Puis, lors de la distillation, le choix d’un alambic en cuivre n’est pas anodin: «Combiné à la chaleur, le cuivre agit comme un catalyseur en favorisant les réactions chimiques qui forment des esters, soit la classe de molécules qui donne des notes florales et fruitées. Ça apporte une touche hyper parfumée.»


Dans le cas de l’Acerum ambré, le vieillissement en fûts de chêne brûlés ou grillés entre également en ligne de compte. D’une part, le contact avec le bois libère diverses molécules, qui ajoutent des notes de caramel et de vanille. D’une autre, l’oxygène pénètre le bois, qui n’est pas hermétique. En découlent des réactions d’oxydation dans le baril qui transforment les molécules, en adoucissant leur profil gustatif et en y injectant parfois même une touche fruitée.
Comment boire l'Acerum – une foule d'idées à savourer
Par où commencer pour s’approprier ce produit de chez nous? La version ambrée se travaille en cocktail comme un whisky. Ainsi, le old fashioned lui sied à merveille, car l’amertume du zeste d’orange complémente la rondeur du spiritueux. Corinne suggère de remplacer le sirop simple par du sirop d’érable. De plus, l’Acerum est naturellement une boisson de choix pour la cabane à sucre! Non seulement se marie-t-il très bien aux desserts à l’érable, mais son profil sec compense la lourdeur des repas traditionnels. À ce titre, la distillatrice ne manque pas d’idées:
«C’est un excellent digestif, tel quel, dans un café, dans un trou normand avec un sorbet à la pomme, à la poire ou aux agrumes, ou dans le réduit, un concentré d’eau d’érable qui se boit chaud, au lieu de l’habituel gin.»

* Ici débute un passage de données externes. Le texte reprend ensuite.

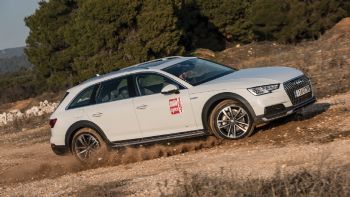 Test: Audi A4 allroad 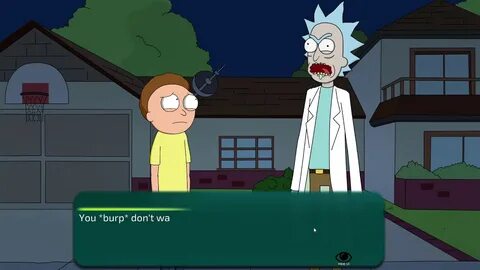 Rick And Morty A Way Back Home-Prologue - YouTube
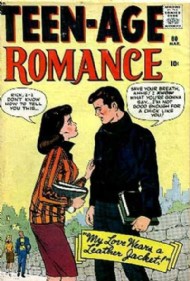 Teenage Romance 1960 - 1962 #80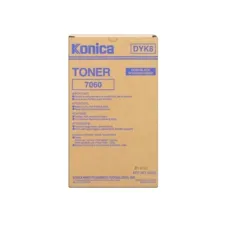 Minolta Konica 7060 (006G / DYK8) toner zwart (origineel) Minolta Konica 7060 (006G / DYK8) toner zwart (origineel)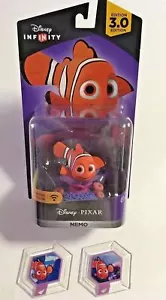 NUOVA DISNEY INFINITY 3.0 Finding NEMO Figura & Dischi Wii U PS4 PS3 Xbox One 360 - Foto 1 di 1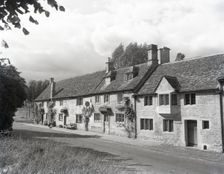Burford, Oxfordshire, c1955. Creator: Arthur Charles Kirby Ware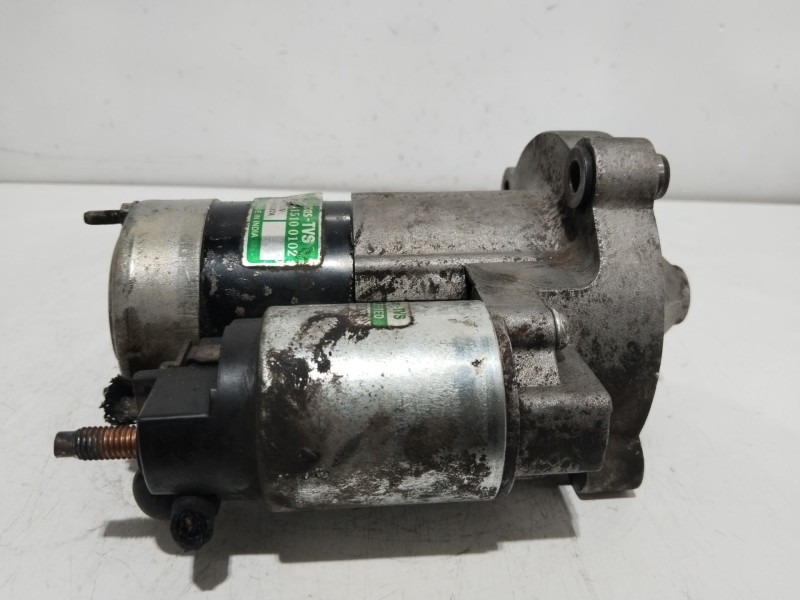 Recambio de motor arranque para tata indigo marina referencia OEM IAM 287215100102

L’Acerum blanc est quant à lui sublimé par l’ajout d’agrumes et d’ingrédients acidulés, qui rehaussent sa fraîcheur et sa signature végétale. On pensera alors à réinterpréter les margaritas, sour et daiquiris de ce monde. Et il brille aussi en cuisine: dans un gravlax à base d’Acerum ou des crevettes poêlées et flambées avec cette eau-de-vie, par exemple.

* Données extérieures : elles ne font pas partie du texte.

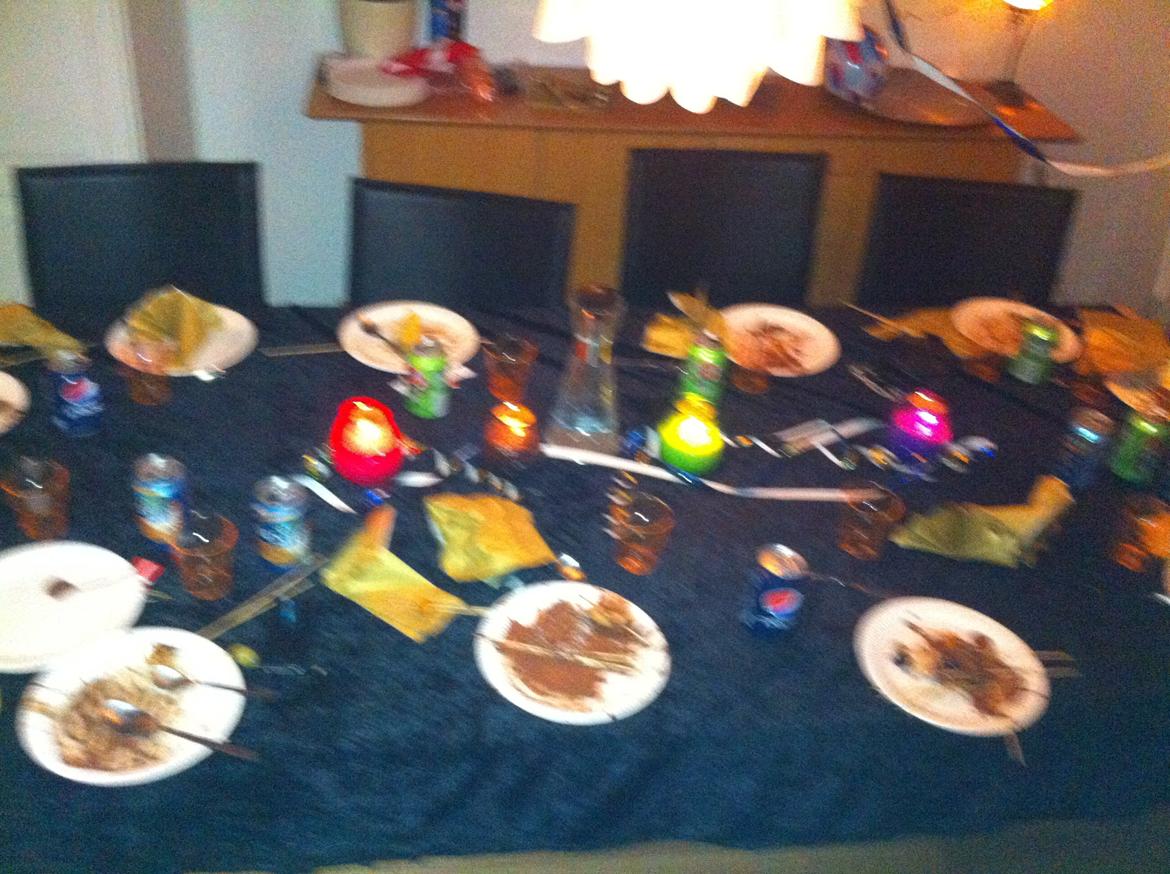 Chokolade vandfald med spyd!<3 LOVE IS IN THE AIR!<3 XD - Lækre tallerkner! XD<3 billede 20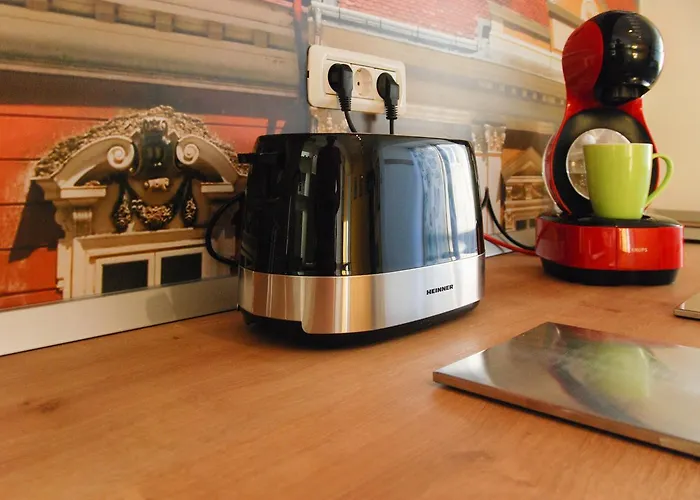 Apartment City Home Timisoara *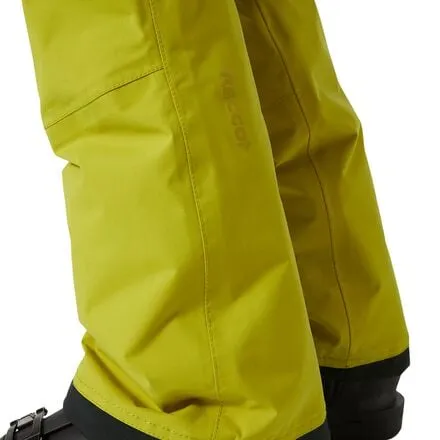 Legendary Jr trousers - children's Helly Hansen, color Bright Moss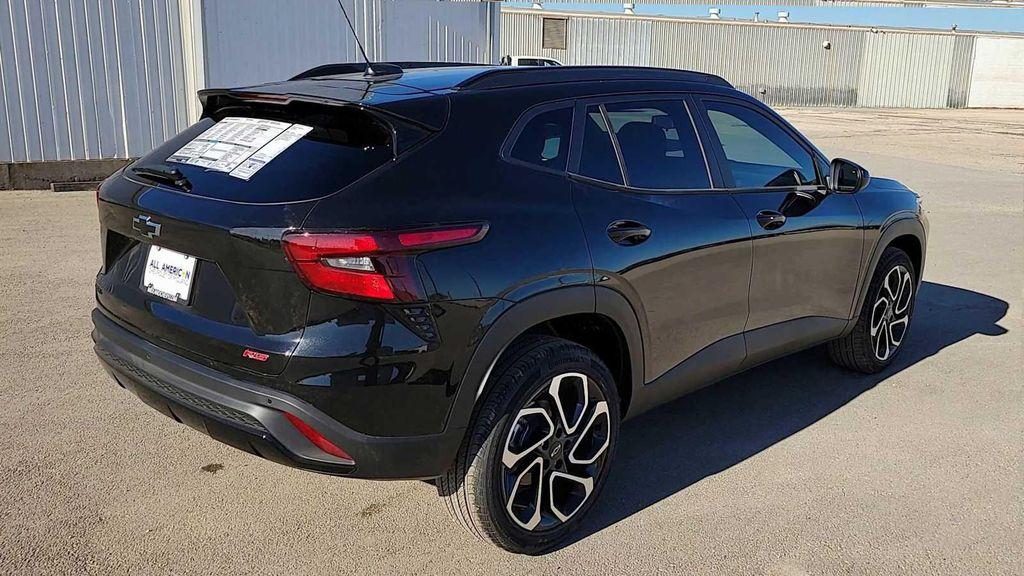 new 2026 Chevrolet Trax car, priced at $27,490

Une tradition du partage à alimenter
Peu importe comment on décide d’explorer cette eau-de-vie d’érable, c’est une boisson conviviale, qui invite au partage des saveurs et des moments de qualité à la fin d’un repas. C’est également un produit pionnier: premier spiritueux en voie d’obtenir sa propre indication géographique protégée au Québec, c’est le seul alcool qui ne peut être fabriqué que dans la province. En effet, pour porter le nom Acerum, un produit doit non seulement obligatoirement se composer de sève d’érable d’ici, mais l’ensemble du processus, de la fermentation à l’embouteillage, doit avoir lieu en sol québécois. «Personne n’a fait ça dans le monde, tout est à écrire, c’est hyper stimulant!» s’exclame la biologiste de formation. Elle aimerait que les gens d’ici se l’approprient, en soient fiers et le fassent découvrir au-delà du territoire, ajoutant que l’Acerum a le potentiel d’engendrer un phénomène similaire à celui du cidre de glace il y a quelques années.

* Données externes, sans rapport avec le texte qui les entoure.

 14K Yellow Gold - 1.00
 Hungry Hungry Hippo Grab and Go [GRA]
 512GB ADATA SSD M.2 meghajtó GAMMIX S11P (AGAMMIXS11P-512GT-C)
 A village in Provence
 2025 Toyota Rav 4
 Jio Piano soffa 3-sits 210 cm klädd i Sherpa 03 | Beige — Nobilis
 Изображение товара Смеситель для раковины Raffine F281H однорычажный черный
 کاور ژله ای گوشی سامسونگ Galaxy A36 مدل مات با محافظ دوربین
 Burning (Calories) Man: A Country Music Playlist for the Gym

Elle trace un parallèle entre ce spiritueux local, profondément identitaire, et le mouvement de réappropriation du terroir dans la gastronomie québécoise. «Depuis une dizaine d’années, des chefs font une cuisine hyper raffinée à partir de produits du terroir. Pour l’Acerum, c’est un peu la même chose parce qu’on prend le sirop d’érable, ancré dans la tradition québécoise, et on le travaille pour en faire carrément autre chose.» Voilà qui donne envie de se la couler douce, en levant fièrement son verre d’Acerum!